A nível local, no entanto, várias autarquias como a Câmara do Porto decidiram suspender o uso do herbicida.
A utilização do glifosato é debatida neste momento a nível europeu. A 18 de Maio, a Comissão Europeia vai decidir sobre a renovação da licença de uso do herbicida. Uma primeira proposta para a revalidação da autorização durante 15 anos foi rejeitada por Itália, França, Holanda e Suécia. Uma recomendação não vinculativa do Parlamento Europeu aponta agora para uma revalidação por sete anos e a proibição do uso do glifosato em zonas urbanas.

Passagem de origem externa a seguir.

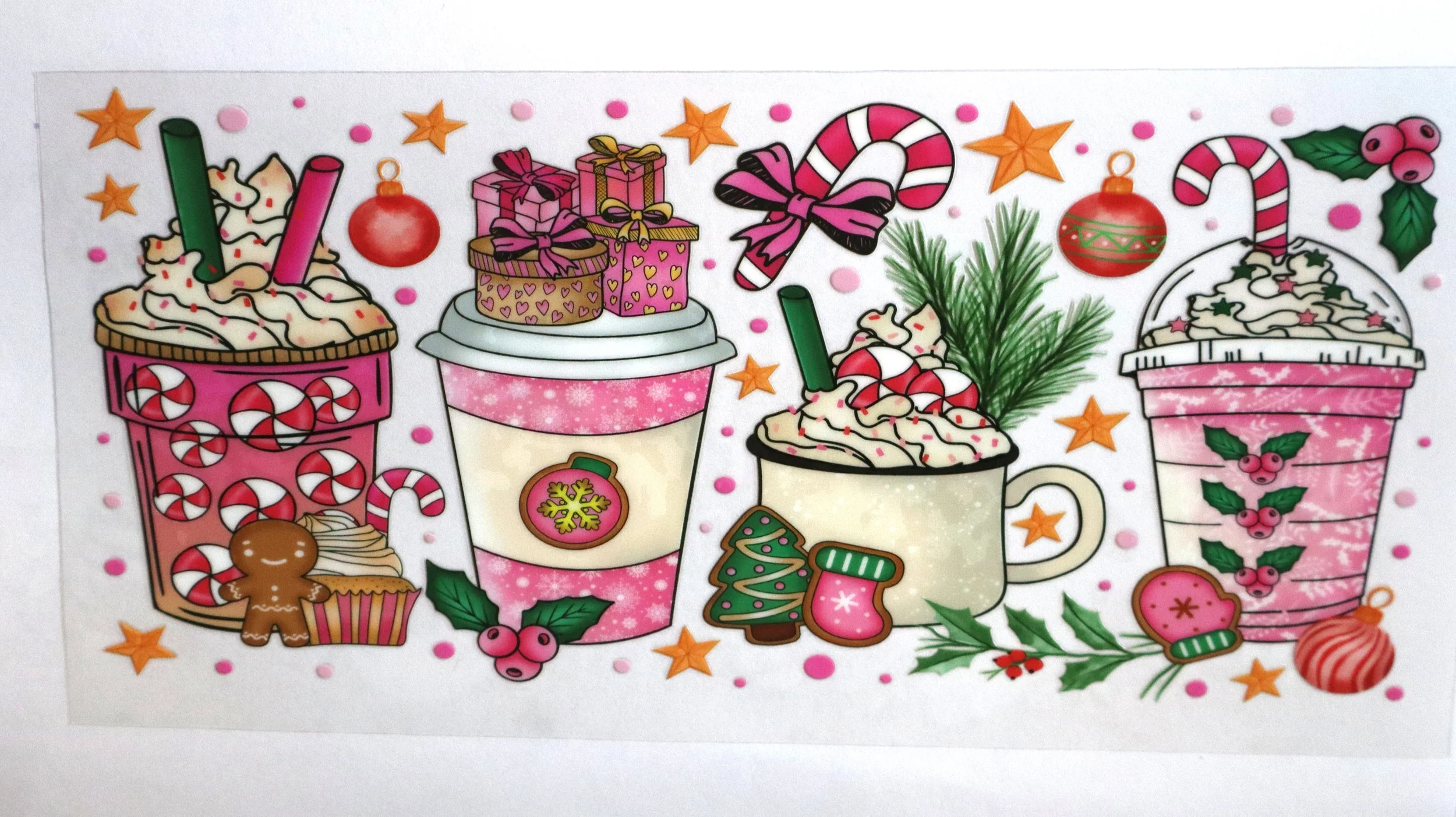 Christmas Sips & Candy Canes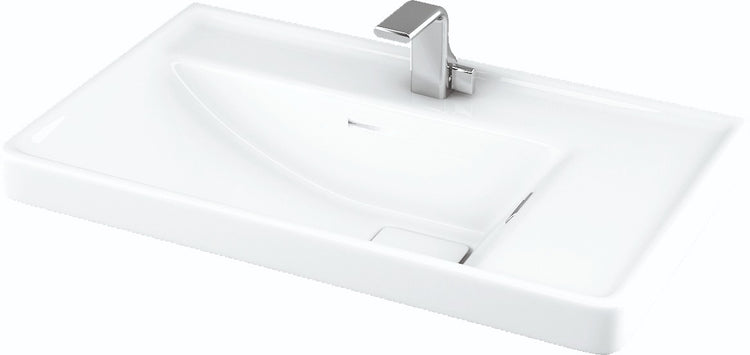 Bază și lavoar Seria 286, 60 cm, Alb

Citado pelo Diário de Notícias, o deputado bloquista Jorge Costa afirma que o Ministério da Agricultura era inicialmente “favorável à renovação”, mas que “entretanto indicou aos peritos que assumam uma posição de abstenção”.
“Esperamos que o Governo não alinhe na renovação”, disse.
Em 2015, e após a divulgação do estudo da IARC, o Governo francês começou por fazer uma recomendação não vinculativa contra a venda ao público do glifosato. Há poucas semanas, porém, optou pela proibição total de produtos químicos que contenham glifosato e taloamina.
Fora do espaço europeu, países como o Sri Lanka e as Bermudas proibiram a importação e uso do herbicida. A Colômbia, por seu turno, deixou de utilizar nesse ano a substância nas campanhas de destruição da planta de coca.
O glifosato foi desenvolvido pela multinacional agroquímica Monsanto, que também comercializa as culturas transgénicas que resistem à substância. A empresa desvaloriza a toxicidade do herbicida, apontando que na mesma categoria em que a IARC coloca o produto também estão “o café, os telemóveis, o extracto de aloé vera e vegetais em conserva”.